January 27, 2006

Questions for Andrei Broder re emerging search technology?

You may have heard some buzz about Andrei Broder joining Yahoo! as a research fellow and vice president of emerging search technology. Longtime search industry folks will know that Broder is a noted expert on design, analysis, and implementation of algorithms for Web-scale information retrieval and applications. We’re pleased to host him for an exclusive Q&A for Yahoo! Search blog readers.

Broder is co-winner of the Best Paper award at WWW6 for his work on duplicate elimination of web pages and at WWW9 for his work on mapping the web. And here’s a big list of Andrei’s papers. Andre also serves as chair of the IEEE Technical Committee on Mathematical Foundations of Computing and has recently been named a 2006 IEEE Fellow ‘for contributions to the theory and application of randomized algorithms’.

So, got a question for Andrei? We’ll be conducting the interview next week and posting it shortly thereafter.

Tara Kirchner
Yahoo! Search

PS. If you are annoyed by all these sites that ask you to copy some letters or numbers to prove you are not a bot, you can blame Andrei as well: he co-invented this challenge, back in 1998.

Comments

  1. During The late 1990s, AltaVista WAS the choice among professional Searchers because of its relatively huge database (for that time) …

    Although there was a lot of Spam – you would eventually find almost everything you needed by Page 3 & using Bolean operators….

    They admited that the Age of the Site, Title Tags, Meta Tags, and Keywords in Body Text (2 times Max) was factored into SERPs Algos…

    One interesting factor in its’ Algos was the AGE of a site -the older the better, helping it tremdously in the SERPs….

    Around early 2000, there was a sudden, sharp, overnight decrease in relevancy. Although there was less spam sites to search through, the database was noticeably smaller….

    What is of grave concern is HOW did the “Google” of its day be allowed to atrophy.

    Even Now, Yahoo is not developing it any future!!

    AltaVista, had it been nurtured properly could have been more than what Google is Today – with its Three Year Head Start!!!

    This concern must be answered and addressed Honestly – No PR – B***T – This is a major Mystery among Search Engine Historians , so it is time to face the facts.

  2. Blog Search. It sucks. How is Yahoo going to make it better? Conversation based search? Comment search?

  3. 1. Currently the results for non-English (specific: European local) sites are far below avarage. Even MSN performs better, are language specific searches a problem?

    2. I am sure that, before you joined Yahoo, you thought about their search algoritms.
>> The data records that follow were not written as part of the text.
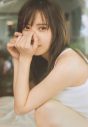 日向坂46・加藤史帆、1st写真集『#会いたい』の裏表紙カット全4種＆秋元康の帯コメント公開 - 画像一覧（3/9）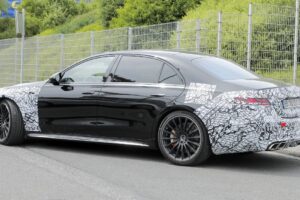 벤츠 S-클래스 대형 업그레이드 예고…2026년 고성능 S 63 변형도 출격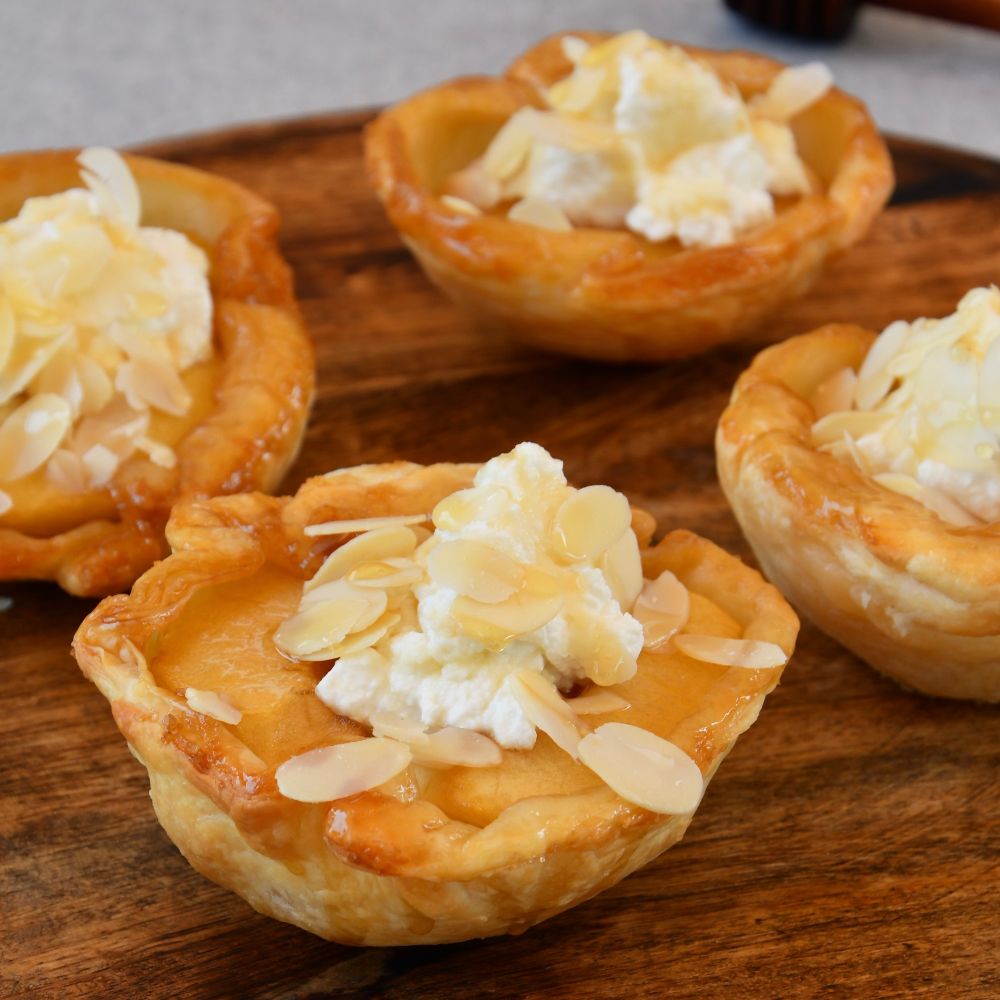 mini tatin de manzana con ricotta y almendras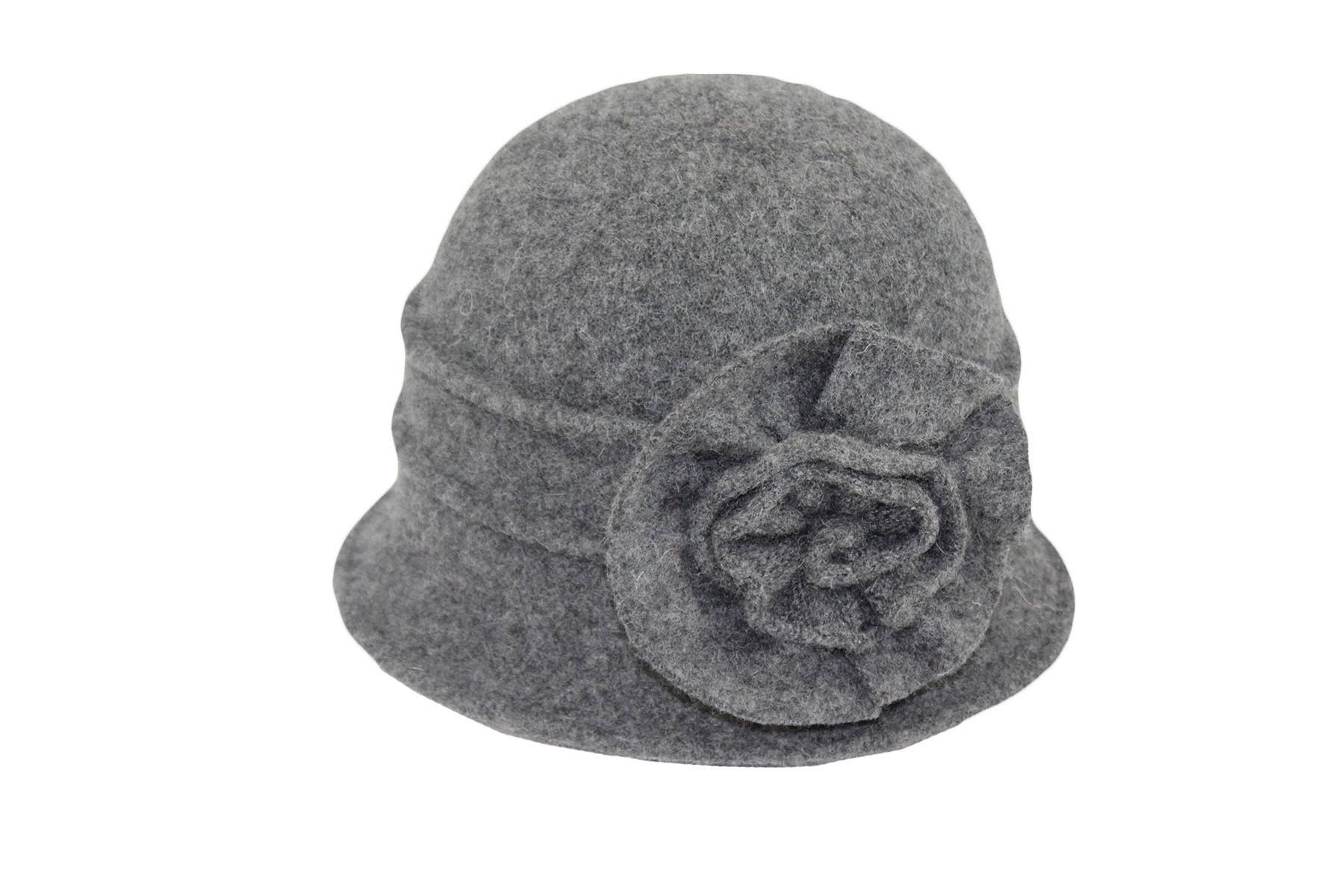 Jeanne Simmons Accessories - Vendita all'ingrosso Cappello cloche - Donna - Cappello da donna in lana cotta con pieghe e fiore grande3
What did you think of them and what did you want to change?

  4. Dr. Broder – How long will it take for you and your team at Yahoo to match Google in organic search relevance with Yahoo Search?

  5. Hi Dr. Broder.

    Thanks for the chance to ask a question or two. Yahoo was granted a patent earlier this week on categorization, training pages, and similarity. It sounds pretty exciting, and I’m sure that more interesting things will be coming from Yahoo! in the months to come. Anything new that you can share with us in terms of web search, that we might see shaking things up any?

  6. Two part:

    I’ve enjoyed reading your work very much and thanks for taking the time to speak with me on the phone every now and again.

    Your taxonomy of search paper certainly helped to classify the nature of search at that time. Reflecting on your thoughts then, compared to search query streams in 2006, what changes, if any, could you describe?

    And possibly connected…

    This is a general observation. Early search engines based their ranking methods around the vector space model which was very open to manipulation (text spam). Kleinberg and Page/Brin incorporated link analysis into the ranking mechanism, which made for more relevant results, but still left ranking open to types of manipulation (link spam). Now we hear a lot more about end user behavior data also being folded in.

    Can you give an indication of the type of end user data which can be used and may have an impact on the ranking mechanism?

  7. I know Nguyen maybe against this, but i think Blog is the next big for search engines. The Blogosphere is probably growing faster than any other plae in the internet so it makes sense for yahoo to beef their search there.

  8. Dr. Broder,
    I would like to ask a simple question:

    Could you explain in simple terms how you would identify so-called “splogs”, and especially sites recycling content lifted from elsewhere?

    The comment from “Gratis Kontaktanzeige” above is one example.

    I am not really interested in what you would prefer to do with these sites once identified, I am more concerned about the “how to” part.

  9. Tara, or whom it may concern:

    ——————————
    PS. If you are annoyed by all these sites that ask you to copy some letters or numbers
    ——————————

    I am not annoyed by that, but if you push a submit button (any button) you should always get a confirmation. Yes, I am talking about this exact blog.

    Right now I don’t know if my Question for Dr. Broder disappeared or what?

    I could try to re-enter it, but if it is stored somewhere already that would only make the entry a duplicate.

  10. Andrei, we missed you at IPAM’s Document Space workshop.

    Can you shed a bit of more light on Yahoo!’s research in the area of embedding documents in the diffusion space? Specifically, what would be the drawbacks when applied to a structural directory as opposed to a search engine or to a sphere (blogosphere or newsphere).

    Edel Garcia

  11. Thanks for all your questions folks! Stay tuned for the interview.

    Tara

  12. Hi Dr. Broder,
    what do you think about Google censuring in China?

  13. With all the focus on server side search, I was wonderign what if anything is Yahoo doing with regard to using the context of a user’s activity, work, documents, and applications to help them find what they need?